> **Your goal**: Everything from the line that contains "Jägergrün Quadratische Wanduhr (Zuhause)" to the final line of the data, both ends included, must be set down exactly, apart from the pictures.

Information provided section start

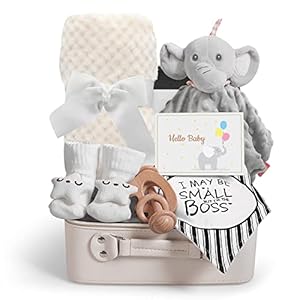 Baby Shower Gifts, Baby Boy Girl Gift Basket Set Newborn Blanket Baby Elephant Lovey Security Blanket Wooden Rattle Toy, New Born Bibs Socks & Greeting Card, Baby Shower Basket Gifts Essentials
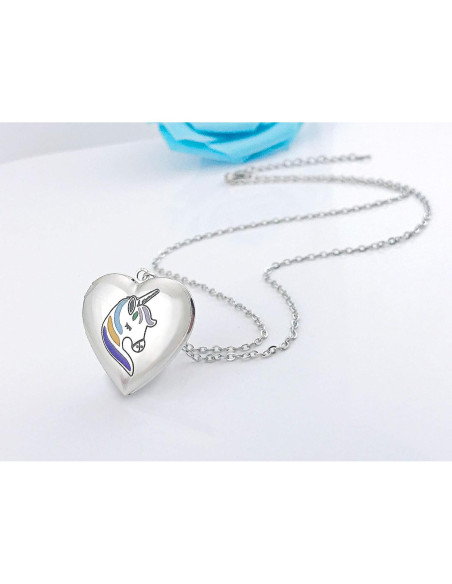 Collar Locket Inicial Unicornio YOUFENG 45cm Acero Inoxidable Collar Locket Inicial Unicornio YOUFENG 45cm Acero Inoxidable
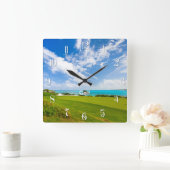 Jägergrün Quadratische Wanduhr (Zuhause)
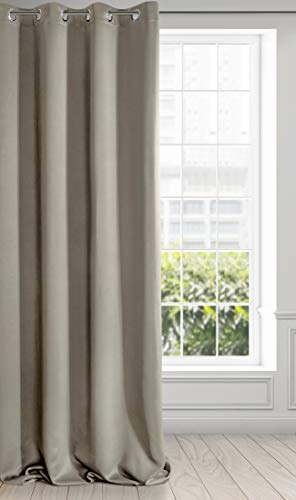 Eurofirany LOGAN Vorhang Blickdicht, Blackout, Satin Verdunkelungsvorhang mit Ösen -1 Stk. Ösenvorhang, Elegant, Glatt, Einfarbig, Wohnzimmer, Schlafzimmer, 135x250 cm, Cappuccino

Information provided section end

> **Exercise answer**:
 Jägergrün Quadratische Wanduhr (Zuhause)
 Eurofirany LOGAN Vorhang Blickdicht, Blackout, Satin Verdunkelungsvorhang mit Ösen -1 Stk. Ösenvorhang, Elegant, Glatt, Einfarbig, Wohnzimmer, Schlafzimmer, 135x250 cm, Cappuccino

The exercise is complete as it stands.